▶ _PROBLEM TO WORK ON_: Where the line containing "4/59 Riva Entrance, Piara" appears, begin retyping; continue exactly through the final line of the data. Omit every picture.

^^^^^^^^^^^^^^^^

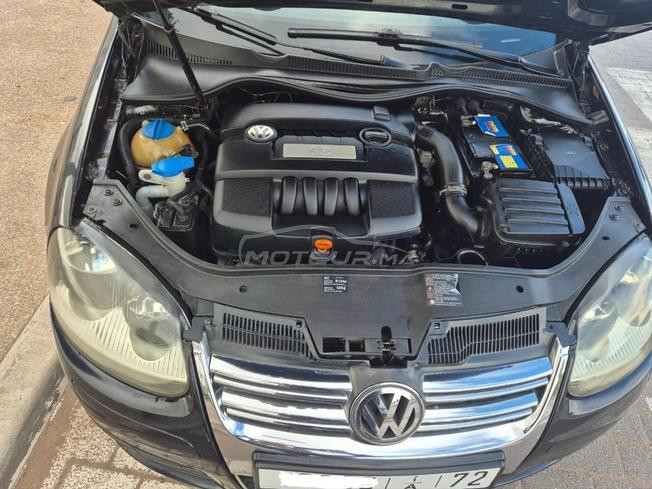 golf 5 Gt   modil 2007/10 essenc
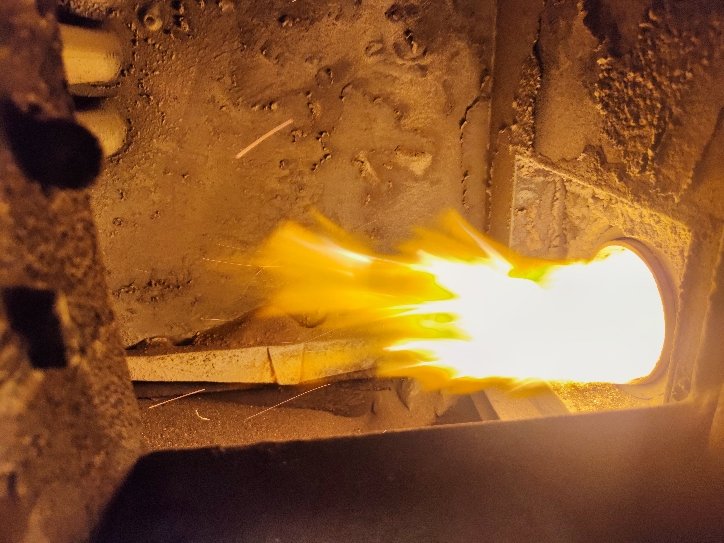 42c9ca6d9479eeafbafcb13fa62f2905.jpg&key=b871525ee8eb8f0b24bfd8cf66bc221f880badecb7255ff71f64a3cbcf89625a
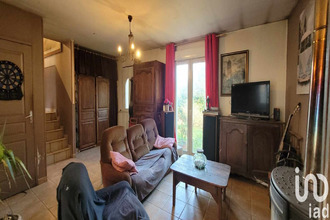  maison segur 12290
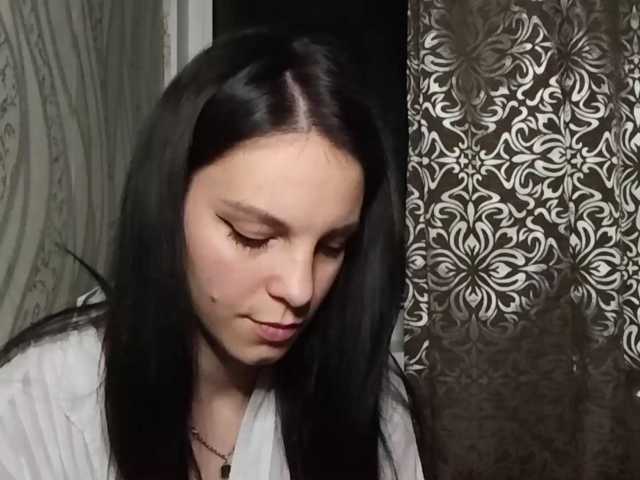 LikaBonita live cam on BongaCams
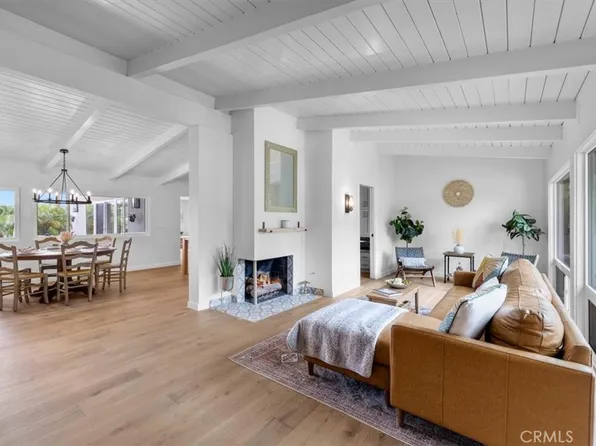 27608 Saddle Rd, Rolling Hills, CA 90274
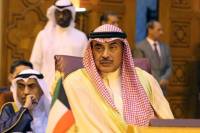 Kuwait emir accepts post-election government resignation - KUNA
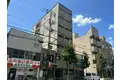 ウエスト一条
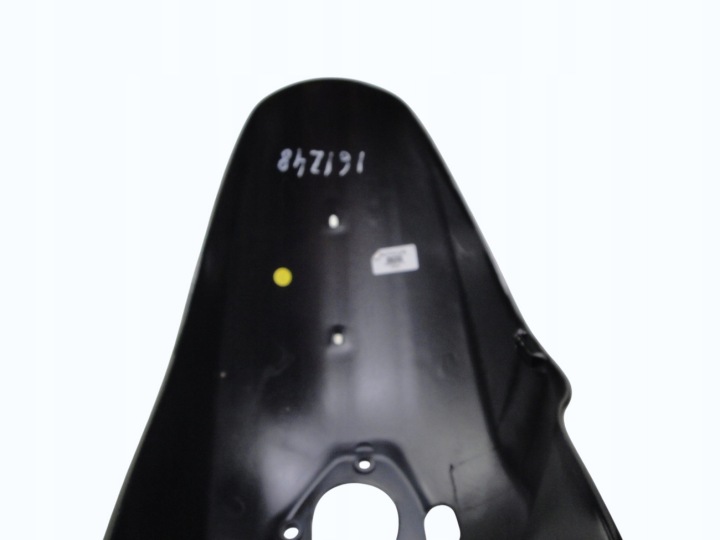AILE AVANT PIAGGIO VESPA PRIMAVERA 1B000947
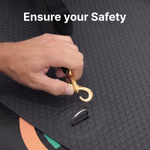 Product - Thumbnail 4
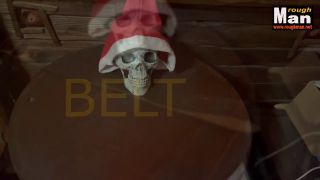 RoughManSpank net RoughManSpank 2022 nybelt-2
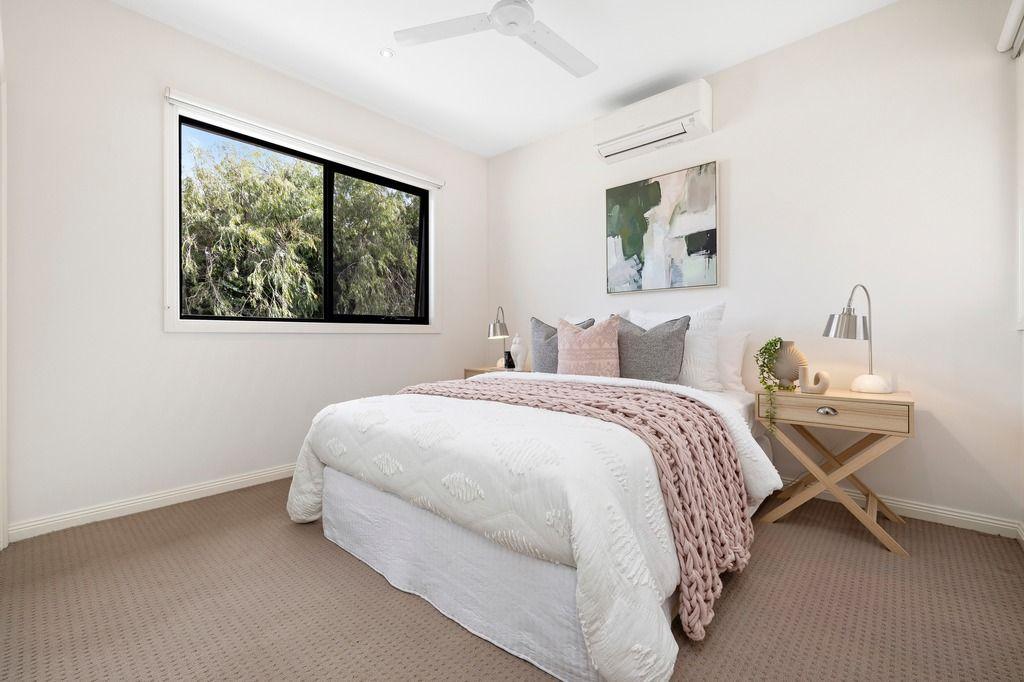 Townhouse for Sale: Cheltenham, VIC 3192, VIC, 3192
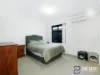 4/59 Riva Entrance, Piara Waters, WA 6112-Image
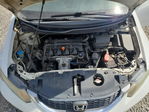 Honda Civic 2014
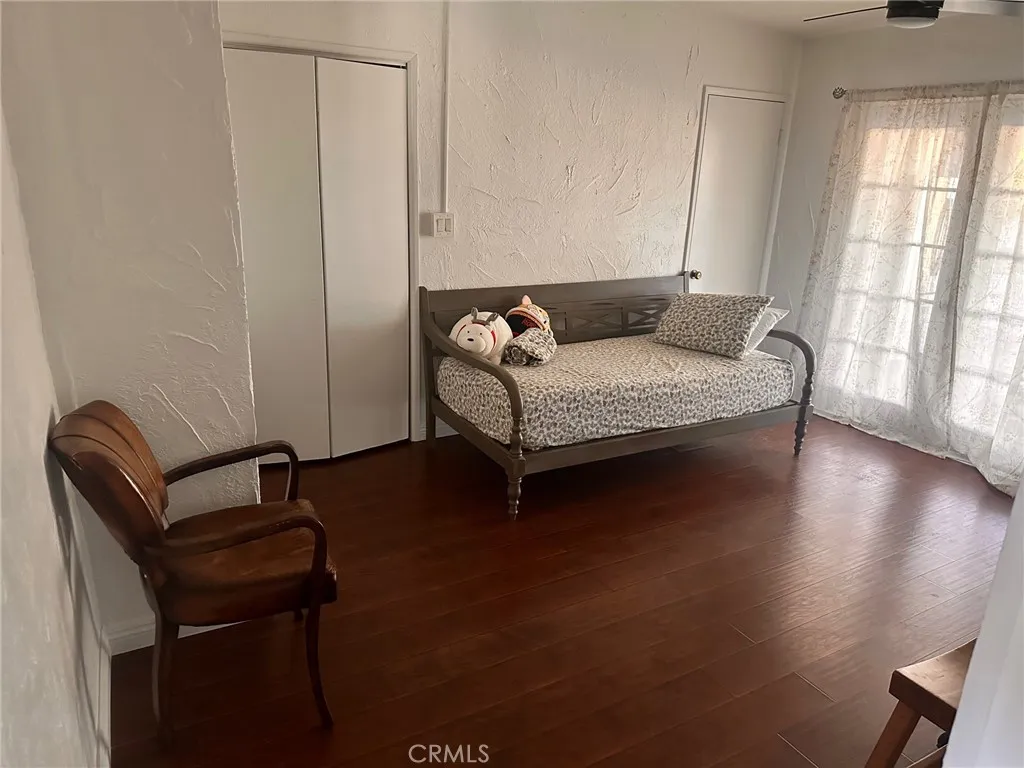 18090 Iris Avenue, Riverside, California 92508 home-pic-24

^^^^^^^^^^^^^^^^

▶ _EXERCISE ANSWER_:
 4/59 Riva Entrance, Piara Waters, WA 6112-Image
 Honda Civic 2014
 18090 Iris Avenue, Riverside, California 92508 home-pic-24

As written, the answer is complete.